Got to admit, sometimes I feel at a disadvantage writing and thinking in English. I study mostly French and German philosophers (Marion and Heidegger especially). Somehow those languages seem so much more hospitable (enter Derrida) to the philosophic project. Maybe in the case of Heidegger, the use of language seems more calculated and engineered (because it is). But French seems to effortlessly bend and twist to produce a subtly in thought that defies gravity. And easy translation.

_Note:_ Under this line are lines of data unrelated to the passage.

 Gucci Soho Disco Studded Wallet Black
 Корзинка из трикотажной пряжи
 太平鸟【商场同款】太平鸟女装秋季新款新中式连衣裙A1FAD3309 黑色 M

Today I’m preparing a paper on Marion to present at a conference in March. I’m extremely humbled to be included in the program and very happy to be writing about work that on any given day takes up a good deal of my head space. In particular, I am writing on the way “vanity” in Marion’s account of the saturated phenomenon suggests the need to think beyond Self and Other to include Another, in this case the religious community.

“Vanity” is a pretty good word as things go. In Marion’s work, at least in my reading of it, vanity is the precipice at which the self comes to the end of its rope and becomes capable of the plunge into existential crisis. Vanity is a great word for this extremis because it carries with it both the self-absorption native to the self and, in the useage assigned in Ecclesiastes, its undoing, an exasperated admission of the futility of self-agency. That’s neat work for one word, especially one that retains the full connotation in English.

Writing on the subject today, I reacquainted myself with the word “deponent.” A deponent is both a person who makes a deposition and a passive verb that in nonetheless active in meaning. In other words, deponent turns out to be a handy word for discussing the self converted by the saturated phenomenon to witness. The witness is active in its capacity to register the saturated phenomenon, but is also passive in that the coming forward of the saturated phenomenon itself becomes the self which is attested.

Deponent is not at the heart of my argument (so much good has been said on that front by others better than I), but seeming as I so rarely find an English word (albeit one that is invoking Latin and Greek verbs) that fits philosophy so nicely, I thought I’d take the time to celebrate. Please feel free to share the love and list your favorite English philosophical phrases. In the meantime, keep writing.